As I travelled from Australia to Ireland with the re-discovered love of my life, we flew over Iraq and Iran.
No Love for Valentine
Valentine’s Day 2003 Hans Blix’
will deliver his report to condemn or free
a rebel country held to high ransom,
ruthlessly sanctioned, surveill-ed and surrounded.
It’s supposed to be the day we say who we love
(or secretly admire) want and desire.
A day for smiles - not hate and guided missile
range – 93 miles! Colin Powell talks about
what they didn’t do – how they didn’t comply…
(He seems uncomfortable with his soldier lot.)
News TV says ‘Action could be imminent,
the second Weapons Inspectors leave Iraq.’
Think about that! Thousands who wait, prepare
for, even expect death. North Koreans re-
assemble their power plant and stand ready
to defend against George Bush who says his Armed
Forces ‘are second to none’ and can prove it!
Donald Rumsfeld has confidence that ‘we‘can
do whatever needs to be done…’ But Tariq
Aziz – Iraqi Diplomat with a cool
head declares ‘we have not violated 1441’.

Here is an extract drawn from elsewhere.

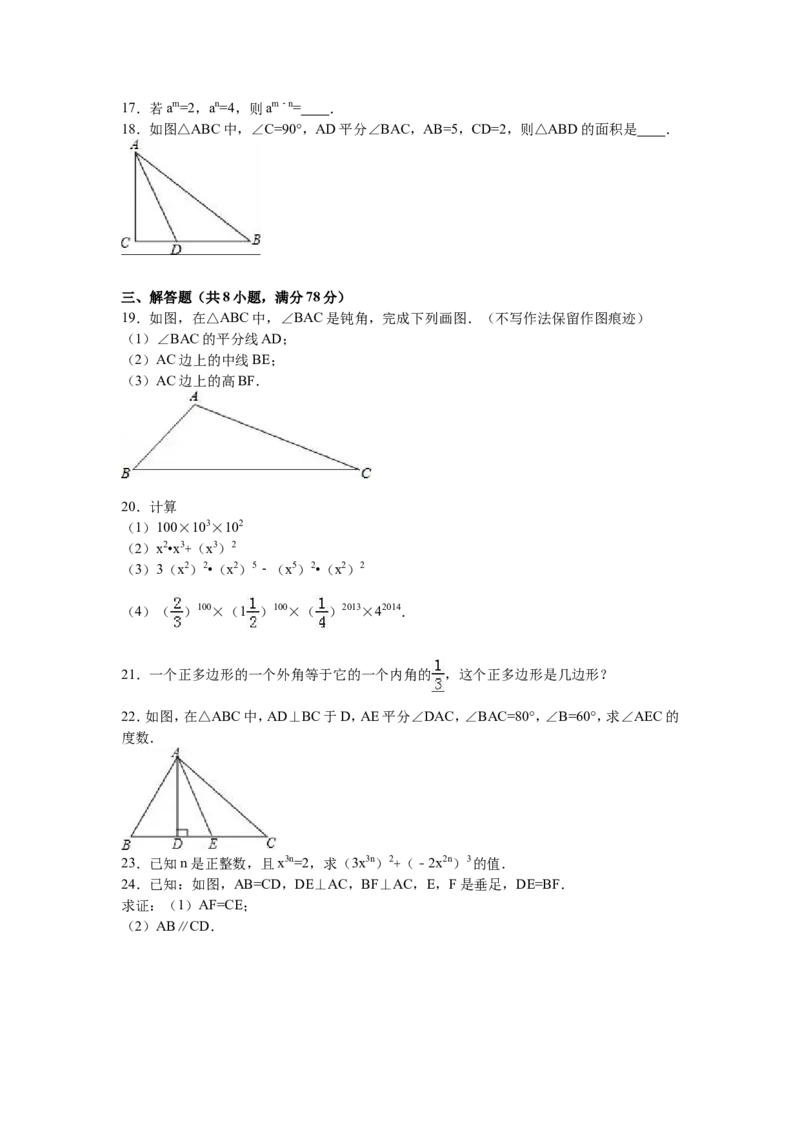 06人教版八年级上期中数学试卷（含答案）_初中数学人教版_8上-初中数学人教版_旧版_06习题试卷_3期中试卷_期中测试卷（第1套含答案）（共10份）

France vetoed, now Russia and China
won’t agree to protect neighbouring Turkey
if there’s a war… They’ve also applied
recently for oil licences along with all
the rest of the world… ‘Keep Britain Safe. Be
alert but not alarmed.’ No need for tape or
plastic yet, though across the sea, every ‘good
ol’ boy’ stocked up on water, food and batteries…

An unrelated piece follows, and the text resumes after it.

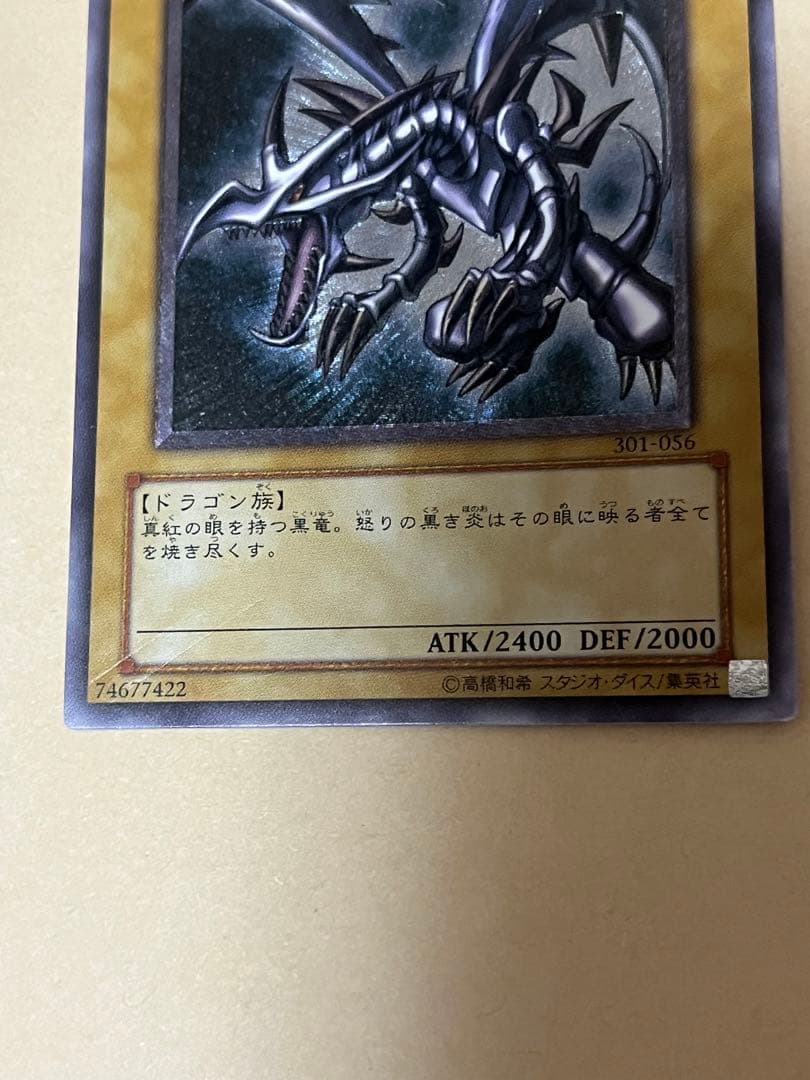 遊戯王　アルティメットレア　真紅眼の黒竜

Retail giants rub their hands as Mac’ers sets up
next to Pizza Hut, in the sand. A news-paper
carries a notice – ‘US Used Car
Salesman required in the desert.’ Seems that the
liberators aim to stay a while - smile and saunter
armed to the teeth. Shannon protestors gathered
to demonstrate against the US
Air Force making our space a target. Naked solidarity
for peace - against a war that
hasn’t happened yet… give it time! 6’ 6”
soldiers wander empty airport halls
at Heathrow and Gatwick. Stanstead has joined the
guarded group and Windsor wonders what’s going
on… People in the street ask what to do
if ‘something happens’. I don’t know – do you?